Health monitoring of the infrastructure is an important aspect of quantifying and characterizing an asset’s reliability. Data from this proactive measure provides insight into the sustainability of current structures and directly influences the environmental impact of the degradation process.
This same interdisciplinary approach applies to testing concrete and asphalt for roadway surfaces and bridges. Research into the use of polymers is underway to see how different additives can preclude bleeding of asphalt pavements and provide pliability in concrete structures — while maintaining their structural integrity — during high temperatures.
A portion of a state highway in East Texas began to ‘melt’ in June 2022 as a result of prolonged and extreme heat. While this was actually the asphalt binder rising to the surface due to high temperatures, it forced lane closures and delayed the traffic flow so crews could address the issue. Considering that the Texas Department of Transportation has 80,444 centerline miles of highways and more than 35,000 bridges to maintain across the state with 540 million vehicle miles traveled annually, there is a vested interest in reducing the need for maintenance through improved materials selection and engineering of materials combinations.
“Identifying materials that can withstand a volatile change in temperatures is a focus of the integrated network of researchers at the CIR,” said Dr. Zachary Grasley, department head and professor of the civil and environmental engineering department at Texas A&M.

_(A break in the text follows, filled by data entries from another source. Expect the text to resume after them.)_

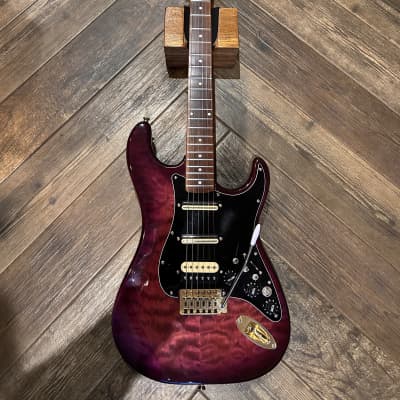 Jay Turser Strat in great condition can ship dismantled for sale
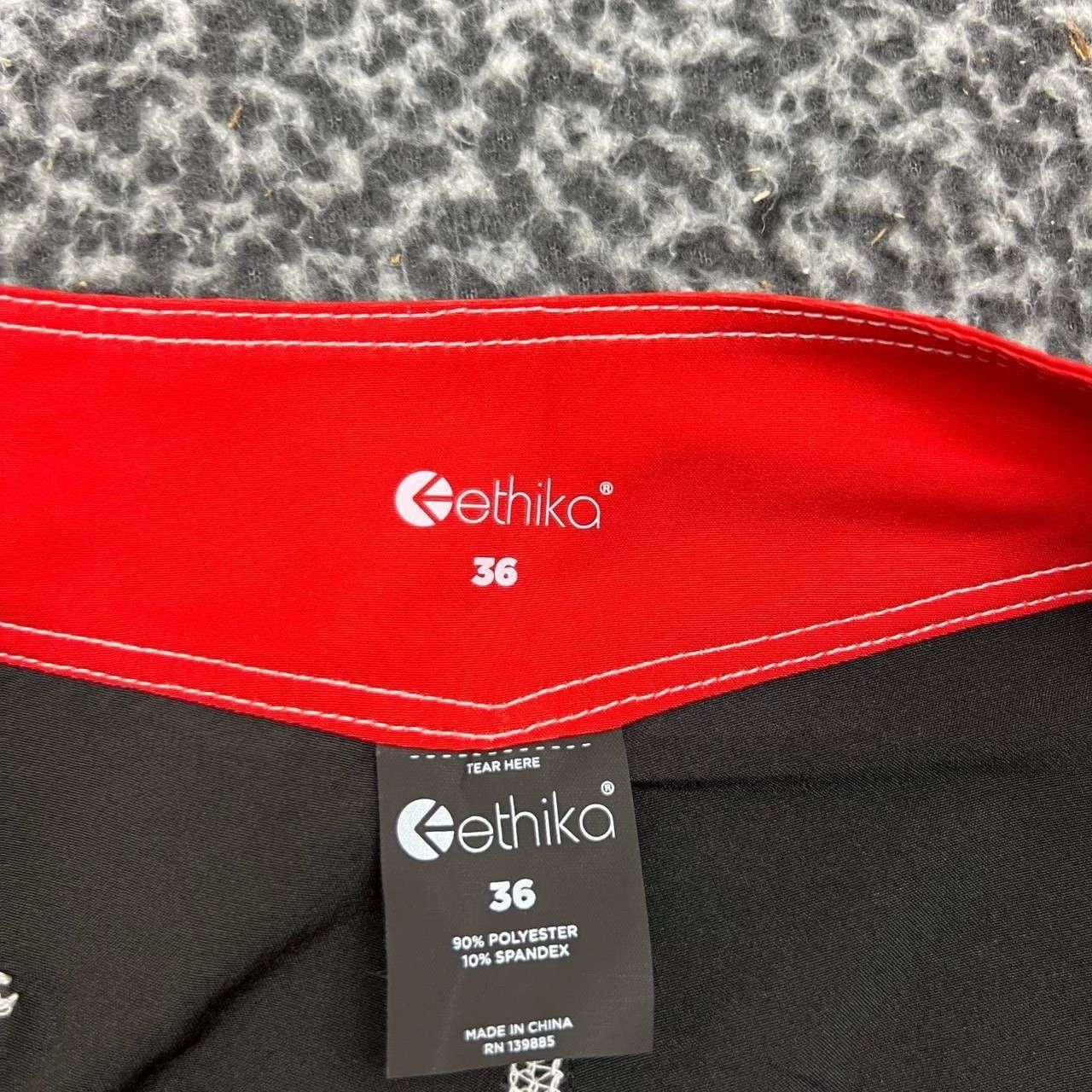 Other Ethika Board Shorts Men 36 Swim Drawstring Outdoor 40x8 Size US 40 / EU 56 - 8 Thumbnail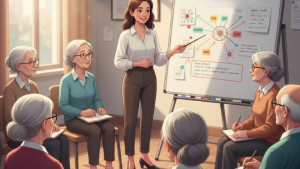 Primer pas per crear el Consell consultiu de la Gent Gran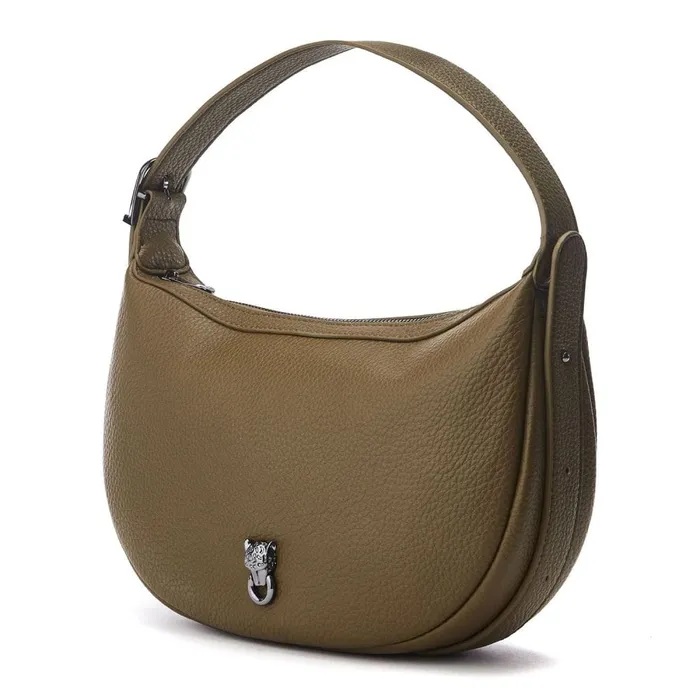 Shoulder Bags Women Moda In Pelle Brody Bag Khaki Porvair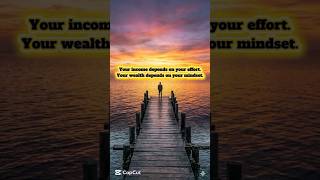 Deep Words | Success & Wealth #businessmotivation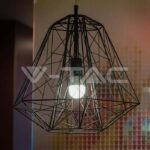 V-TAC VT-20189 LED Крушка SAMSUNG Чип 17W E27 A65 4000K Димираща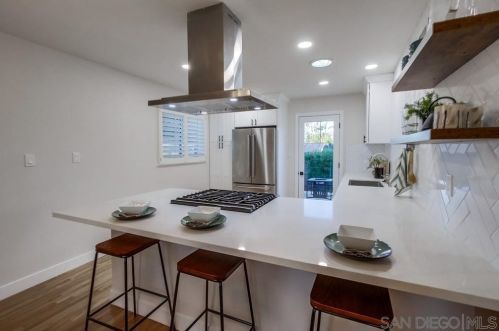 3715 Martha St, San Diego CA  92117-1816 exterior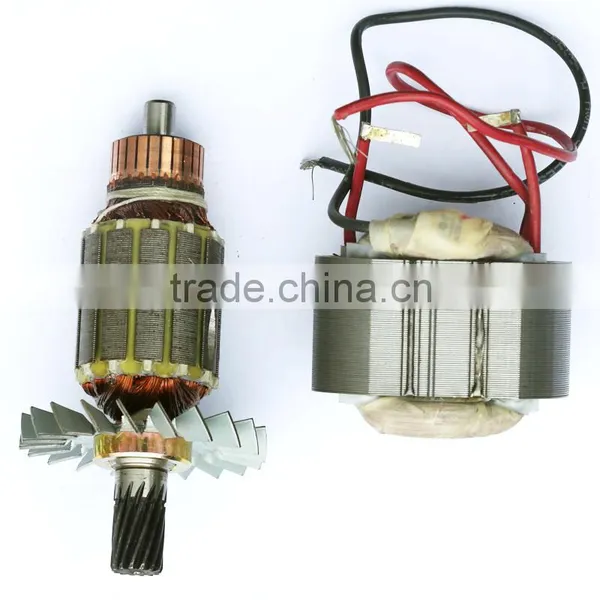 MAC Polishing Machine Motor photo-2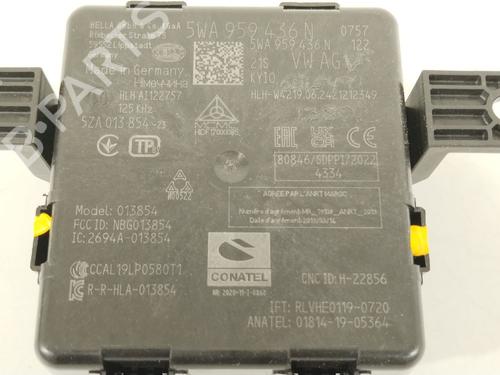 Electronic module CUPRA TAVASCAN (KR1) | BP36989536M83 - Image 4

Reducing the cost and carbon footprint of infrastructure materials also ties into the sustainability aspect of this infrastructure research. Dr. Petros Sideris, assistant professor in the civil and environmental engineering department, is leading a U.S. Department of Energy Advanced Research Projects Agency-Energy study using hempcrete for residential and commercial construction designs.
“Hempcrete and other materials with a negative or low carbon footprint can lead to designs that combine sustainability and resilience for our structures and infrastructure,” said Sideris. “This could provide a path to addressing the impacts of climate change on our infrastructure.”
With an estimated cost of $2.59 trillion for current U.S. infrastructure needs, the CIR provides a network of researchers and laboratories equipped to meet today’s challenges by adapting for the needs of tomorrow.